Look through the entries below and extract exactly the lines from the one containing "Картинка after+sweet+kiss аниме" through the one containing "Ebony Model Juccy", ends included.

======== Extracted information

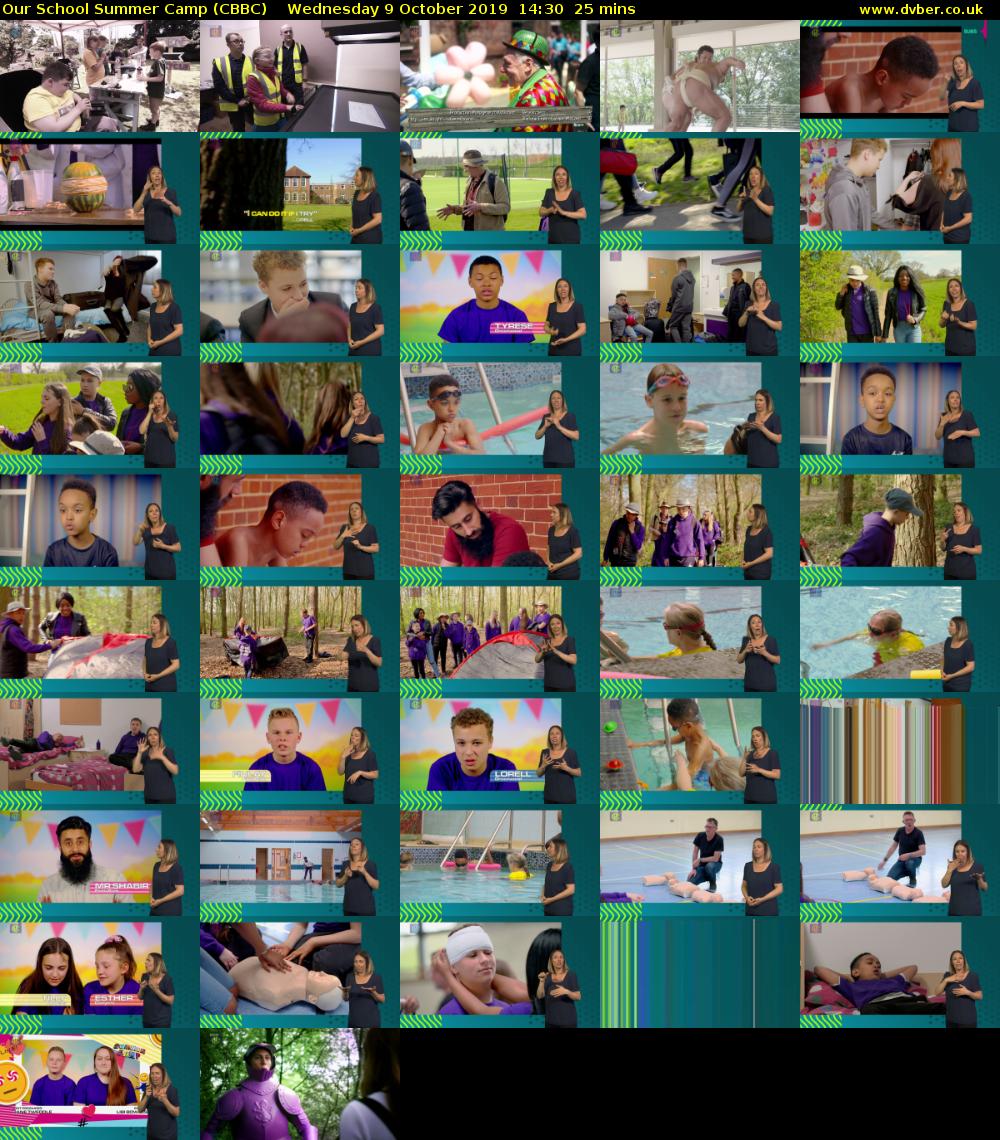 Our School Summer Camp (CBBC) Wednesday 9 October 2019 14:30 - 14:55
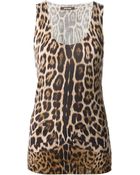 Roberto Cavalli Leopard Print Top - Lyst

================
======== Extracted information

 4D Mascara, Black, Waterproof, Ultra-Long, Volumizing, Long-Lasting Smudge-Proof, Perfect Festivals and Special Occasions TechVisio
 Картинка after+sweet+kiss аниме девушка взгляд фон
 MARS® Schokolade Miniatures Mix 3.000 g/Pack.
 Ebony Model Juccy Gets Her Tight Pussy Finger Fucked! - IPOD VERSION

================
======== Extracted information

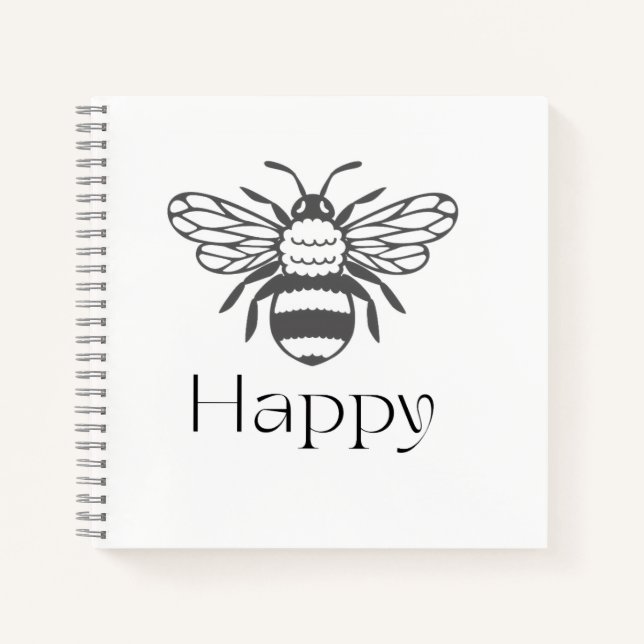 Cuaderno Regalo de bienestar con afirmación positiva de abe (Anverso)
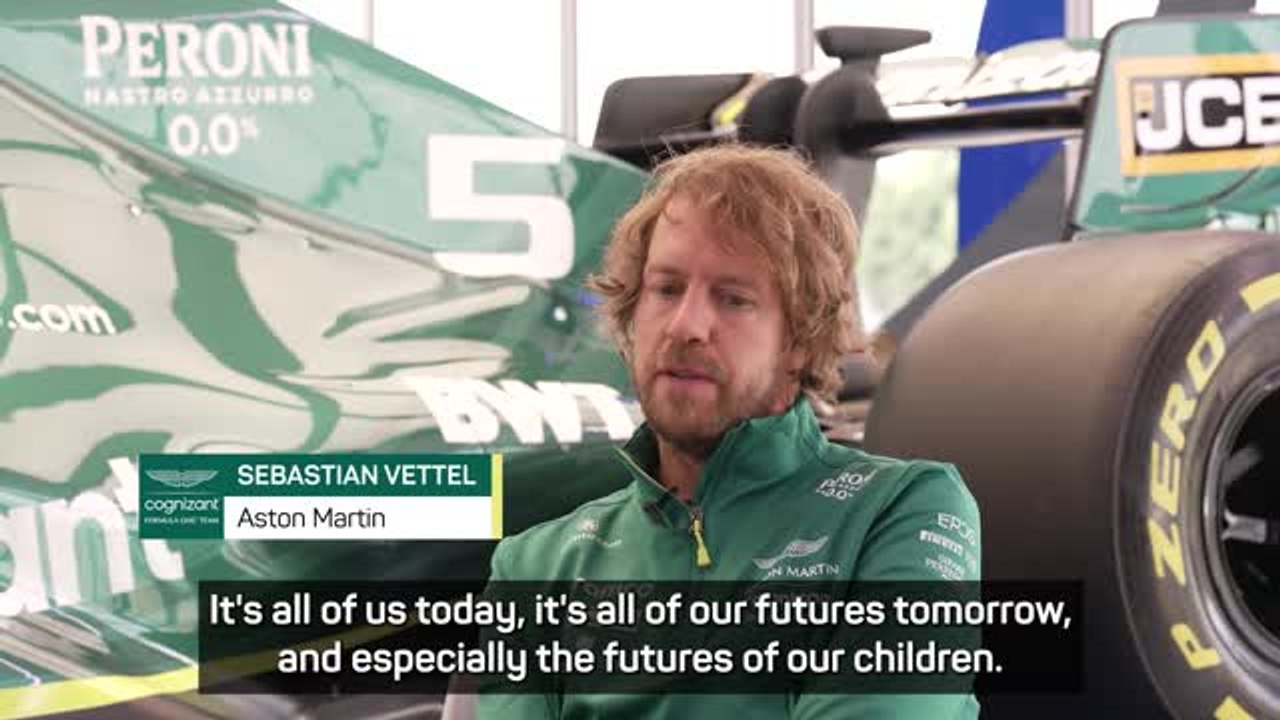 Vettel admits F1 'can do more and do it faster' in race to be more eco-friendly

================

__Solution for this exercise__
 Картинка after+sweet+kiss аниме девушка взгляд фон
 MARS® Schokolade Miniatures Mix 3.000 g/Pack.
 Ebony Model Juccy Gets Her Tight Pussy Finger Fucked! - IPOD VERSION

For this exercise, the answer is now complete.